Thursday, November 18, 2010

To Nano or not to Nano


Why I do not do NanoWriMo anymore
by Kim Smith

Because it is far easier to just sit my butt in the chair and write if I don’t have all the pressure of a contest to turn out a certain word count.

For some people, they need a bit of pressure. It encourages them to “get ‘er done”, or at the very least get ‘er started. I believe that anything that gets a writer going is okay. So, if you are hot on the trail of the next bestselling book, and it is thanks to Nano, then you are okay by me.

But we should all remember that writing is easy if you don’t care much about what you are putting on the page. Most times, writing is something akin to pulling out your own jaw-tooth with a rusty pair of pliers. It just ain’t gonna come out.

Sometimes we have issues that crop up. I have them nearly every day. I cannot write and take care of issues and worry about a contest that requires me to get in 1667 words. It will shut me down and I will NEVER get anything done. But there are a lot of folks who can do it and do so every dang year.

One of those great fall Sundays where I had a belly full of stew and football on the tube and man, that couch was just a ‘callin’ convinced me that Nano is timed all wrong for me.

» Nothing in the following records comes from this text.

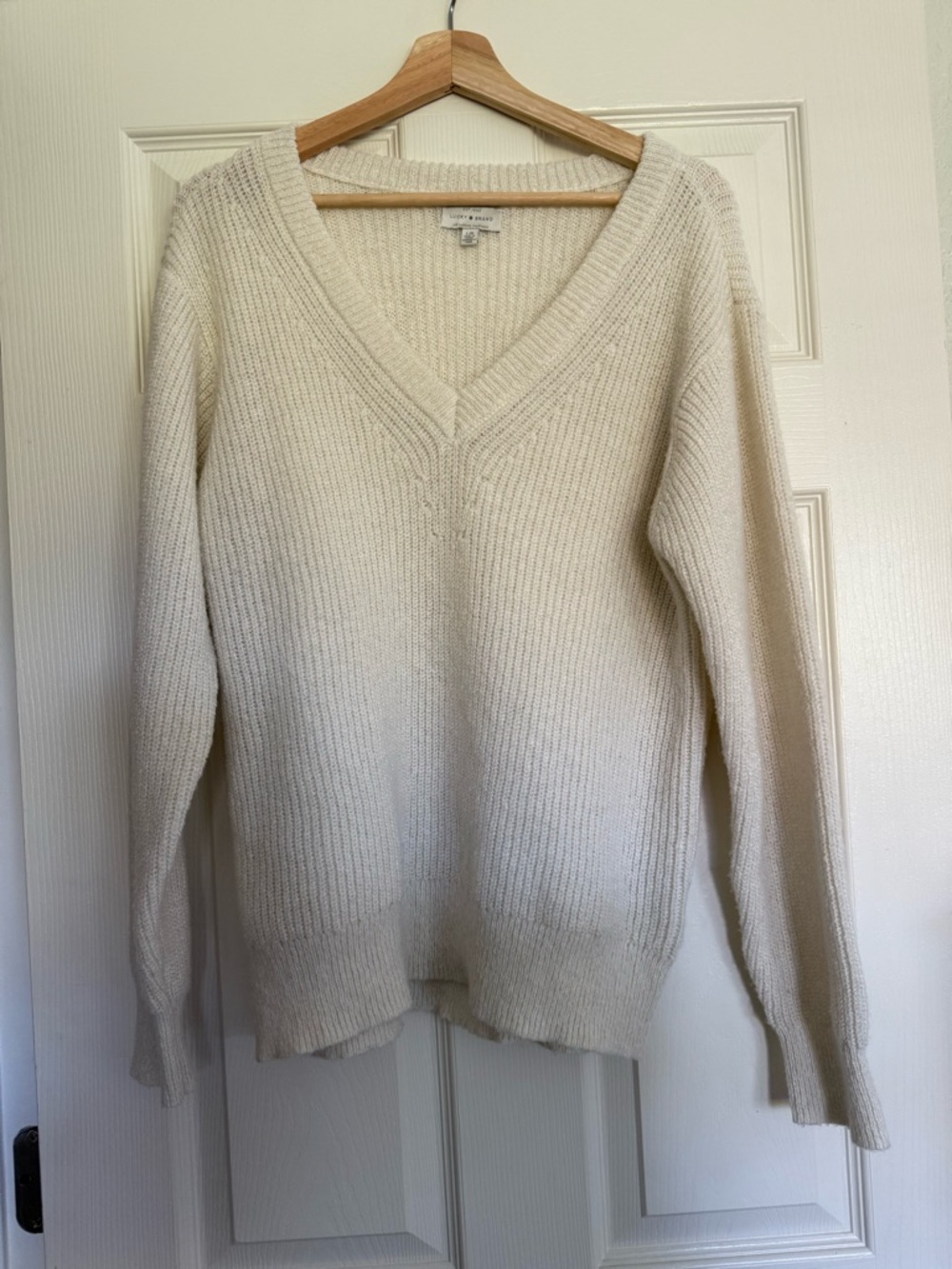 Lucky Brand Cream V-Neck Ribbed Sweater
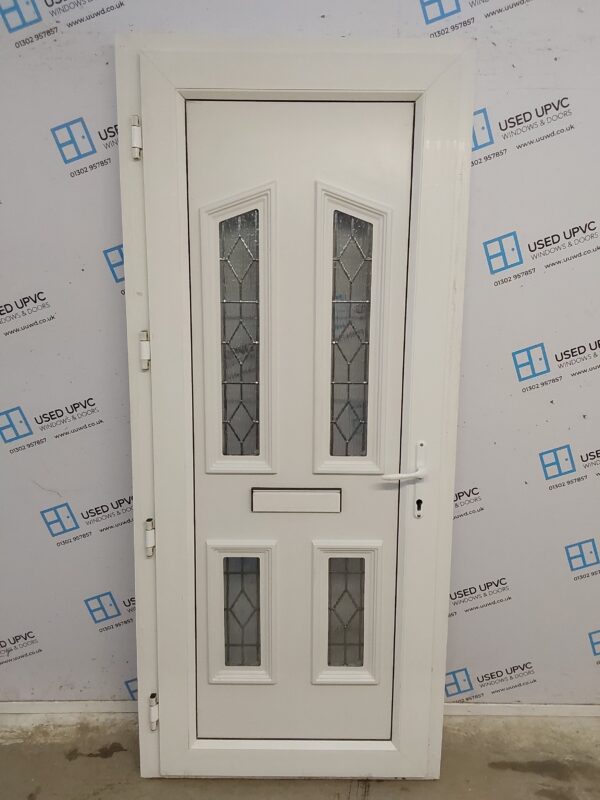 Used White Upvc Front Door 890mm x 2050mm (reduce to 870mm) C7D036 - Image 2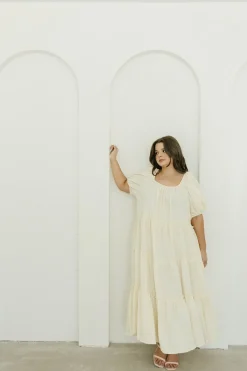 Discount Worth Collective Eva Puffed Sleeve Maxi Dress in Cream - Bump Friendly & Inclusive Sizi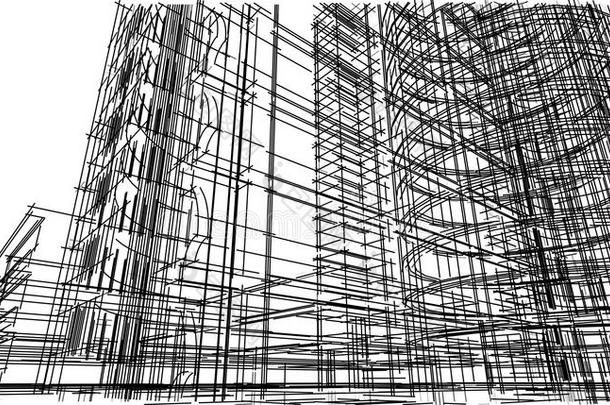 抽象的3英语字母表中的第四个字母<strong>建筑</strong>物线框图结构.说明<strong>修建</strong>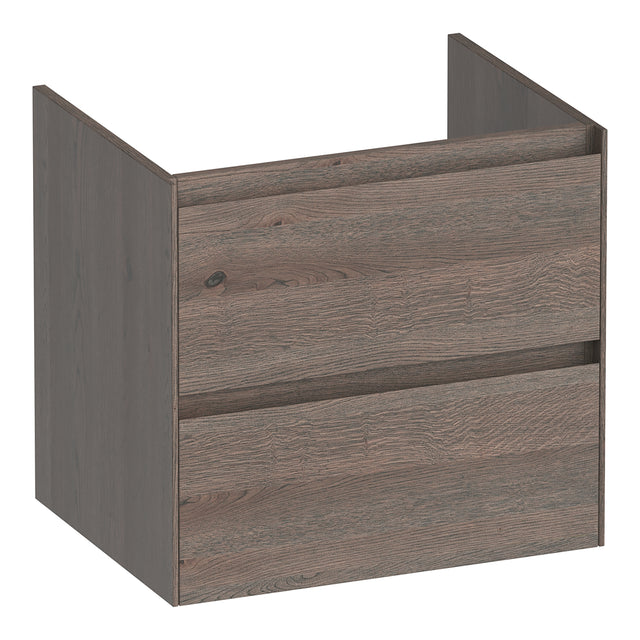 BRAUER Inspire onderkast 60 met 2 softclose lades greeploos en 1 sifon uitsparing lamellen eiken zwart OK-IN60LEZ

I don’t need Nano. I write my utmost best in fall and winter. It’s too chilly or bad weather then to do anything outside, so naturally my attention turns inward. And my muse is always waiting.

But if you are a Nano-er and still sitting here reading this post, best hop to it. Your word count is calling. I just penned 300 words for you on this blog and it was pretty darn effortless. If I can do that, you can succeed too. Best of luck, and let us know how it’s going.

5 comments:

Hart Johnson said...

I love the adrenaline of NaNoWriMo. I decided about 3 books ago that I have an easier time EDITING if I let go of the quality of the first draft and FLY because it is easier to let go and remove stuff that isn't so painfully extracted. For me, carefully crafted, slowly written words STILL may not go TOGETHER just right, but I am a lot more resistant... it's a mental game, but as I know me, I am using it. You are spot on though--each of us needs to find what works for us and just encourage other writers to do what works for them.

s.w. vaughn said...

I must agree with you, Kim - NaNo works for some people, but not all.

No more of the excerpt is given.